If there is no direct flight—there are only around 20 routes from Billund with regular weekday service—then travelers do not make their own bookings. Instead, they fill in a template on TravelWeb stating when and where they want to go. They also can make special requests, such as for the hotel to be near an airport. The travel department will then research the best route options and make the reservation for the traveler.

Regardless of how travelers make a booking, they do not see the price in TravelWeb. “We don’t show the price because we don’t want the traveler to have to think about the booking too much,” said Madsen. Instead, the travel department checks direct bookings as they appear in its chosen global distribution system, Amadeus, to ensure they are compliant with policy and whether it can find a cheaper alternative. LEGO has a licensed version of BCD Travel’s PriceBuster tool to help it search for better options.

For indirect bookings, the travel department considers price as one of the main factors when selecting the most appropriate flights to suit the traveler’s request. To help find the best price, travelers are asked on their electronic order form whether they have any flexibility in the day or time they fly. This has enabled the travel department to save up to 50 percent in some cases. Madsen said TravelWeb saves time for both her department and the travelers. It is faster for the travel department to process than an ordinary free-form e-mail trip request, while she estimated that it takes travelers an average 2.5 minutes to do their part of the job. “If that is 10 minutes quicker than using an ordinary booking tool, that is a huge amount of time saved,” she said.

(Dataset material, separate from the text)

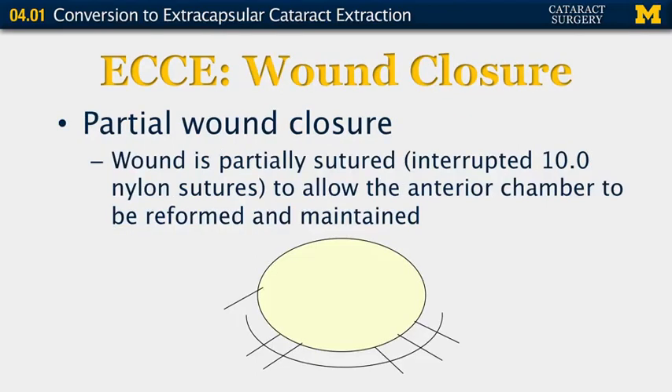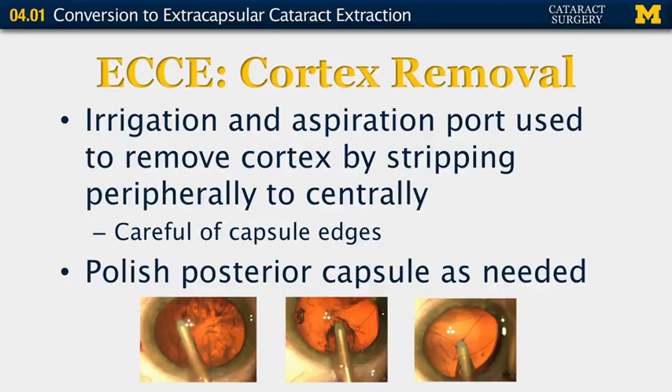For wound closure, you now have an 11–12 millimeter wound to close. Initially, partially suture the wound using interrupted 10-0 nylon sutures — this allows the anterior chamber to become reformed since the eye is rather flat, but you still need to leave space to perform irrigation and aspiration of the cortex and to place the implant. Irrigation and aspiration is then used to remove the cortex by stripping peripherally and centrally, being careful of the capsular edge just like any cataract surgery. You can then polish the posterior capsule as needed.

At present, 22 percent of flights by LEGO personnel are booked directly online through TravelWeb and another 50 percent are requested. The remainder are booked by phone or through free-form e-mail requests. Regardless of the method, all reservations are integrated into a trip approval and expense management program called Voyager. Before being transacted by the travel department, all online bookings and trip requests are routed to their departmental chiefs for approval. Once approval is given, the trip receives a Voyager reference number. Details of the trip and its cost also are fed automatically into travelers’ Voyager online expense claim reports.

Madsen said that opting for a homegrown travel management solution proved valuable. “It needs very active project management,” she said. “It is hard work to implement, but it is better than using the TMCs with take-it-or-leave-it options. When we balance the cost of our in-house team and use Business Travel Consult against outsourcing to a TMC and a self-booking tool, it is well worthwhile.”

LEGO pays Business Travel Consult $0.45 per transaction. Business Travel Consult managing director Brian Ranch claimed that R/Soft, the generic name for the system it customized for LEGO, would provide a return on investment for any optimized travel program in less than one year.